Boris Reitschusters Putin-Biographie ist nicht nur die aktuellste, sondern
meines Erachtens auch die bislang beste aller erschienenen Putin-Biographien.
Der Autor zeigt eindeutig auf, dass sich Russland unter Putin auf dem Weg
rückwärts in den autoritären "starken" Staat befindet und Putin
eindeutig - wie übrigens auch Jurij Andropow - nicht zu den Reformatoren,
sondern zu den Gegenreformatoren zu rechnen ist - wie Stalin oder Alexander III.
Scharf kritisiert Reitschuster die Ausblendung der Realität in Rußland durch
führende westliche Politiker, die die Realität - etwa des grausamen
Tschetschenien-Feldzuges, nicht beim Namen nennen. Deutlich wird auch, dass
Putin gegen die Oligarchen eingestellt ist. Putin hat auch alle Jelzin-Anhänger
inzwischen ausgebootet. Nicht nur Jukos-Chef Chodorkowski befindet sich in Haft,
alle wichtigen Oligarchen sind inzwischen entweder aus dem Land geflohen oder
üben keinen politischen Einfluss mehr aus.
Wenn man sich den Alltag im Rußland Putins vergegenwärtigt (so schildert der
Autor ausführlich im ersten Kapitel die verschärften Einreise- und
Visabestimmungen, so fühlt man sich an das Rußland des Marquis de Custine von
1839 erinnert. Doch der Westen drückt ein Auge zu, weil er in Putin den
Garanten von Stabilität sieht.
Zeichnet sich die im vergangenen Jahr erschienene Biographie von Timoschenko
durch Schönfärberei aus, so bietet Reitschuster ein realistisches Bild der
russischen Zustände unter Putin. Der Autor, Jahrgang 1971, kennt das Land seit
anderthalb Jahrzehnten und lebt mit einer russischen Frau in Moskau seit 1990.
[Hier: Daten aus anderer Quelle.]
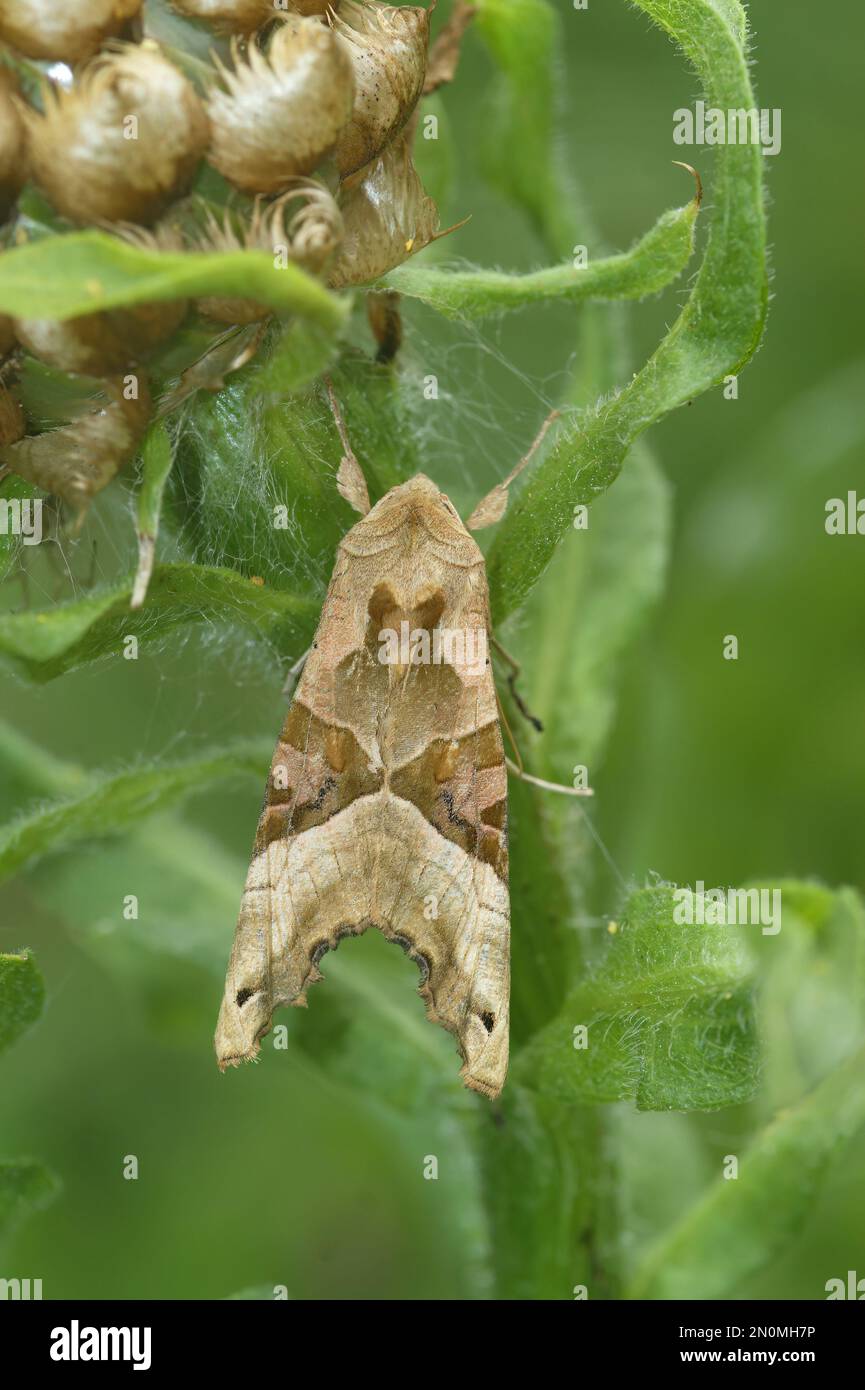 Natural detailed closeup of the Angle shades moth, Phlogophora ...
Dies gibt dem packend und fesselnd geschriebenen Buch eine ungewöhnliche
Authentizität. Mit enormer Einfühlungskraft beschreibt er das russische
Dilemma: einerseits führt die scheinbare "Stärke des Staates" zu
einem Ausbau von Bürokratie und Machtinstrumenten, anderererseits zu einer
völlig korrupten Staatsmaschinerie, wie dies ja auch Kerstin Holm in ihrem
hervorragenden Buch: "Das korrupte Imperium" gezeigt hat. Putin mag
liberaler sein als andere Geheimdienstler, auf die er sich stützt: langfristig
führt er - so zeigt Reitschuster korrekt auf - in die autoritäre Diktatur
zurück. Aufgrund der Machtkonzentration, die in Rußland alleine beim
Präsidenten liegt, kann auch nur dieser "Reformen von oben"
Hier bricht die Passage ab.